By now, Geyer felt certain that he and Cuddy were on the right track. Telling Ryves that they would return within the hour, they quickly repaired to the Nudels’ home at 54 Henry Street.
Mrs. Nudel seemed in the mood to chat, but Geyer had no time for pleasantries. Pulling out his photographs, he asked if she had ever seen the man in the picture.
“Why, yes,” she replied after studying Holmes’s mug shots for a moment. “This is the man who rented the St. Vincent Street house last October and only occupied it for a few days.” He had given her a month’s rent in advance—$10—promising to pay the balance the next time he saw her. Then he had disappeared without a trace.
Leaving Mrs. Nudel with a hurried thanks, the two detectives rushed back to St. Vincent Street where Ryves was seated on his front porch, anxiously awaiting their return. Geyer asked for a shovel, and the old man disappeared around the rear of his house, returning a few moments later with the same implement he had loaned to Holmes nine months before.
Then the two detectives walked next door to number 16.
It was a quaint, two-story cottage with a single gabled window in front and a covered veranda festooned with flowered vines. Stepping onto the porch was like entering a garden bower. Geyer paused at the front door, taking in the scene and wondering if the two Pitezel girls had truly met their deaths in this place. It was hard to conceive of this peaceful cottage as the site of such an atrocity.
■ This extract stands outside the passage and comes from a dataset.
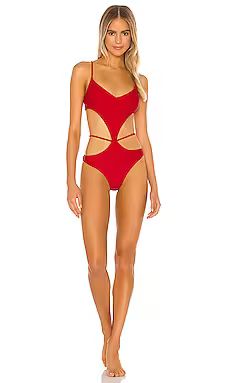 Lovers and Friends Fortune One Piece in Chili Pepper from Revolve.com | Revolve Clothing (Global)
The current tenant, a Mrs. J. Armbrust, clucked her tongue with amazement when Geyer explained why he and Cuddy were there. Leading them into the kitchen, she lifted a large piece of oilcloth from the center of the floor, revealing a small trapdoor, about two feet square. Geyer raised the door and peered down into the blackness. Mrs. Armbrust bustled away, returning moments later with an oil lamp, which she handed to Cuddy.
Then, with Cuddy leading the way, the two men descended a steep, narrow staircase into the pitch-dark cellar.
Cuddy held the light while Geyer moved around the little cellar, poking the shovel blade into the ground, searching for signs of disturbance. Suddenly, he found what he was looking for—a soft spot in the southwest corner. Cuddy directed his light into the corner while Geyer commenced to dig. The loose-packed soil came up easily.
Geyer had gone about a foot down when the earth gave off a carrion stench.
Two feet more and he turned up a human armbone, black with rotting flesh.
Cuddy gagged. Geyer, breathing through his mouth, shoveled dirt back into the hole to keep down the stink. Then the two men climbed out of the reeking cellar and into the kitchen.
Cuddy, looking ashen, stood near an open window and inhaled great drafts of garden air.
“We must get to a telephone,” Geyer said, his voice tense with a mixture of triumph and horror.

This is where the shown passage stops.